Eine typische Meditationssitzung sieht in etwa so aus: Man sitzt still, mit geradem Rücken, die Wirbelsäule ist aufrecht wie ein „Stapel Goldmünzen“, wie es in einer klassischen Anweisung heißt. Es hilft, sich vorzustellen, dass am Scheitelpunkt des Kopfes eine Schnur festgemacht ist, die einen sanft nach oben zieht und dabei die Wirbelsäule dehnt und aufrichtet. Das Sitzen ist gleichzeitig so aufrecht und so entspannt wie möglich. Die Schulter entspannen sich und senken sich nach unten. Die Hände ruhen im Schoß oder auf den Oberschenkeln. Die Augen sind offen oder geschlossen. (Ich ziehe die Meditation mit offenen Augen vor.) Wenn die Augen offen gelassen werden schauen sie entspannt auf einen Punkt ca. einen Meter vor sich auf dem Fußboden. Das Bewusstsein wird auf die Atmung oder ein (schönes) Fokuswort oder -objekt gelenkt und dort beibehalten. (Ich fokussiere gerne auf meine Bauchdecke, die sich im Rhythmus der Atmung bewegt. Oder ich zähle von 1 bis 10 und beginne dann wieder bei 1 und immer so weiter.)

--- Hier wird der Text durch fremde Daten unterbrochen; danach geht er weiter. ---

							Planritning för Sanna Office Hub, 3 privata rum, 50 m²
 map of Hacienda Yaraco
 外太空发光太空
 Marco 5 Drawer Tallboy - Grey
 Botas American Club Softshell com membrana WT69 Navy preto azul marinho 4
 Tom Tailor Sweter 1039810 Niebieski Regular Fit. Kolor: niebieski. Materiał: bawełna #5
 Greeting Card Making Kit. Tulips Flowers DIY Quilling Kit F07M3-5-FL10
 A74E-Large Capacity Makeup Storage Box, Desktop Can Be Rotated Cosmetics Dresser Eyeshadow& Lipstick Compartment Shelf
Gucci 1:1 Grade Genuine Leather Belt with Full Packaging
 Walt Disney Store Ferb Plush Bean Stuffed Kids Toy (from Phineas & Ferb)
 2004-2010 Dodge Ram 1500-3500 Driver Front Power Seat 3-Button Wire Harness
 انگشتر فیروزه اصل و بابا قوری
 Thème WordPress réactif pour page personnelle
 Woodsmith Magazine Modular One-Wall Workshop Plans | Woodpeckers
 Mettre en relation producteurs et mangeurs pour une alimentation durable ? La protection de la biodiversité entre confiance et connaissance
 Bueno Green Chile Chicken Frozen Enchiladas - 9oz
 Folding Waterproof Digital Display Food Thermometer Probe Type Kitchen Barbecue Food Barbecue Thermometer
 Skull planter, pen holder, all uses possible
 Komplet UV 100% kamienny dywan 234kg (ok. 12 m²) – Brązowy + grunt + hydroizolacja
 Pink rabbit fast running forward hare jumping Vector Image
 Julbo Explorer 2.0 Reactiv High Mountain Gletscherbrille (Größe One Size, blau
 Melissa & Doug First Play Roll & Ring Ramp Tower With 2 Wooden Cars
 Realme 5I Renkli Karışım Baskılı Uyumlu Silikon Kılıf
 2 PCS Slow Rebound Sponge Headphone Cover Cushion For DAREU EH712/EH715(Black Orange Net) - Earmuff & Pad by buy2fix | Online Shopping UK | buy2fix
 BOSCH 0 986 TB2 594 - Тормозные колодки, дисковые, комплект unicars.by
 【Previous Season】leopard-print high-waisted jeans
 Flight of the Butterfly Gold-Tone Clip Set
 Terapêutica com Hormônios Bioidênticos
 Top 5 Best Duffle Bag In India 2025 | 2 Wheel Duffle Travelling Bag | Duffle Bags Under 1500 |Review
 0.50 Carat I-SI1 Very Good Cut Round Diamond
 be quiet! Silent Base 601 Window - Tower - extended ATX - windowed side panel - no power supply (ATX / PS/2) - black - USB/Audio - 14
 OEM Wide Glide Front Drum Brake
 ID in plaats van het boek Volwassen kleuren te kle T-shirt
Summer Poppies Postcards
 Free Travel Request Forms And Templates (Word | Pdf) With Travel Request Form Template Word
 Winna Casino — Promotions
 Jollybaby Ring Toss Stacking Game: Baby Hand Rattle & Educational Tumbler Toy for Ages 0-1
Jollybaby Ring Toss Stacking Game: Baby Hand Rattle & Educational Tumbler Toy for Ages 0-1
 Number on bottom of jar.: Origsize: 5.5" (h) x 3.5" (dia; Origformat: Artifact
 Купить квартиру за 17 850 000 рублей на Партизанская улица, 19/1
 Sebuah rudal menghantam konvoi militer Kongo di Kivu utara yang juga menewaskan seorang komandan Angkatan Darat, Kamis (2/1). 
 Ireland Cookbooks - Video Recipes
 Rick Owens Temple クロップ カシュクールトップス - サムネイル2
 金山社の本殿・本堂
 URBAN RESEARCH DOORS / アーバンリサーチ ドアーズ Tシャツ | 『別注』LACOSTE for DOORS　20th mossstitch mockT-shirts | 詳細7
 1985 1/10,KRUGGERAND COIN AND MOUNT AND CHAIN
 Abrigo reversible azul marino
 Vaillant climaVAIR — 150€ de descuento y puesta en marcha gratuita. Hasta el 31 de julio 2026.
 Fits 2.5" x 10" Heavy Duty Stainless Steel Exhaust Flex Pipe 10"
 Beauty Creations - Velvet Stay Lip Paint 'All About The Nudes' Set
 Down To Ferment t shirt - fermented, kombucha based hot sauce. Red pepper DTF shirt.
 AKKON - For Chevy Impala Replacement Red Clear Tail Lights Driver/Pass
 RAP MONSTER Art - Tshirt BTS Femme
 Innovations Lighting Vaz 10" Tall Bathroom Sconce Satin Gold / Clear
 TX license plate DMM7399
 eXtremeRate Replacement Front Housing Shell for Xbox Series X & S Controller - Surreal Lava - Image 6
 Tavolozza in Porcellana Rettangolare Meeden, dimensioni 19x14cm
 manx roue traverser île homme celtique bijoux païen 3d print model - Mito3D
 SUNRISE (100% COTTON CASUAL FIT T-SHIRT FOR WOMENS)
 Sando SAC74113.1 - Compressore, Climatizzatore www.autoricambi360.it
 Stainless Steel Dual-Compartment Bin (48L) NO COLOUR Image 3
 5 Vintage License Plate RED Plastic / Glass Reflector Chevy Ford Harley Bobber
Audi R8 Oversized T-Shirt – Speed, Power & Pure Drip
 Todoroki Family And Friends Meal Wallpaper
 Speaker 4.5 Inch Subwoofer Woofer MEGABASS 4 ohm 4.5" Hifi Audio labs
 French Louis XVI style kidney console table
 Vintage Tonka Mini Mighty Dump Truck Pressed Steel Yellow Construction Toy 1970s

Alle sonstigen Gedanken, Empfindungen oder Sinneseindrücke, die im Raum des Gewahrseins auftauchen, werden zwar registriert doch anschließend sich selbst überlassen. Man verankert sich mehr und mehr in der Position des achtsamen Beobachters, lässt Gedanken und alle anderen möglichen Objekte der Beobachtung vorbeiziehen und folgt ihnen nicht und greift nicht nach ihnen. Vergleichbar ist diese Haltung der beobachtenden Wahrnehmung eines Passanten, der am Straßenrand steht und der Parade eines Umzugs zuschaut, die auf der Straße an ihm vorbeizieht. Der Passant beobachtet nur, er steht und schaut und reiht sich nicht in die Prozession ein. Die Intention in der Meditation ist genau dieses: Gleichsam am Rande der Parade stehen zu bleiben, der Prozession der vorbei ziehenden Objekte – in der Regel der eigenen Gedanken – zuzuschauen, ihr jedoch nicht zu folgen. Geschieht dies dennoch, was unvermeidlich ist und zumal am Anfang sehr häufig passiert, so kehrt man – ohne sich für das Abschweifen zu verurteilen oder ein Problem daraus zu machen – mit all der freundlichen Nachsicht gegenüber sich selbst zu der man in der Lage ist – zu seiner Beobachterposition zurück.
Meditation ist also nicht Nichtstun, sondern das Aufrechterhalten eines ebenso entspannten wie konzentrierten Gewahrseins. Für den angemessenen Spannungsgrad der Konzentration hat Buddha selbst das Bild der richtigen Spannung der Saite eines Musikinstruments gewählt: weder zu fest noch zu weich.
Die Dauer einer solchen Meditation kann variieren. In westlichen Kulturkreisen haben sich 20 Minuten als „Standard-Meditations-Zeit“, wie dies der tibetische Meditationslehrer Sogyal Rinpoche scherzhaft nennt, heraus gebildet. Sie kann sehr viel länger dauern oder auch kürzer sein. (Ich meditiere oft – einer Empfehlung von Jon Kabat-Zinn folgend – über eine Dauer von 45 Minuten.) Entscheidend ist jedoch nicht die Dauer, sondern die Qualität der Meditation. Es ist sinnvoll, die Meditation als mehr oder minder tägliche Praxis in den eigenen Alltag einzubauen. Üben ist auch hier entscheidend. Geben Sie nicht auf wenn sich nicht sofort Erfolge einstellen, sondern wappnen sich mit der „Rüstung der Geduld“. Wenn sie mit Ausdauer und entspannt weiter üben, werden sich Fortschritte an innerer Ruhe und Gelassenheit mit Sicherheit einstellen.